Numpy array can be given for angles.

>>> l0, l1, l2 = distance_along([0, 0, 90], [0, 90, 180], [5.0, 5.0, 20.0])
>>> print('%.3f' % l0)
>>> print('%.3f' % l1)
>>> print('%.3f' % l2)


\[\begin{split}x &=& r \sin\theta \\ z &=& r \cos\theta \\ l &=& \int d\theta\sqrt{\dot{x}^2+\dot{z}^2} \\\end{split}\]

Here the dot specifies the differentiation by \(\theta\), and therefore

\[\begin{split}\dot{x} &=& L\sin^3\theta \\ \dot{z} &=& L\sin^2\theta\cos\theta \\\end{split}\]

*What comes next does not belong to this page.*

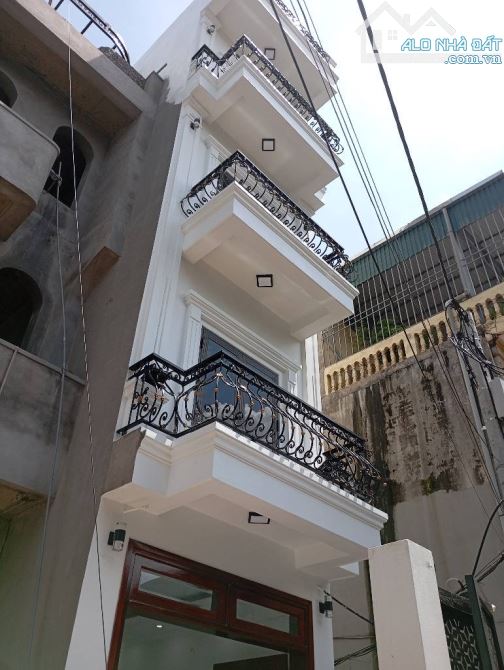 NHÀ ĐẸP - LÝ SƠN- VIỆT HƯNG- Dt72m x 5 TẦNG- GẦN Ô TÔ TRÁNH- GIÁ 12,8 tỷ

Substituting to \(l\) and proceed the calculation, you will get

\[l &=& L \int d\theta \sqrt{\sin^2\theta(1 + 3 \cos^2\theta)}\]

Using \(t=\cos\theta\),

\[l &=& -L \int dt \sqrt{1+3t^2}\]

With a help of Mathematica :) you get

\[l &=& -L \Bigl(\frac{1}{6}(3t\sqrt{3t^2+1}+\sqrt{3}\mathrm{arcsinh}(\sqrt{3}t))\Bigr)\]

Here, arcsinh is the inverse-hyperbolic-sin function. This forumulation is valid for the angle between 0 and 180 degrees.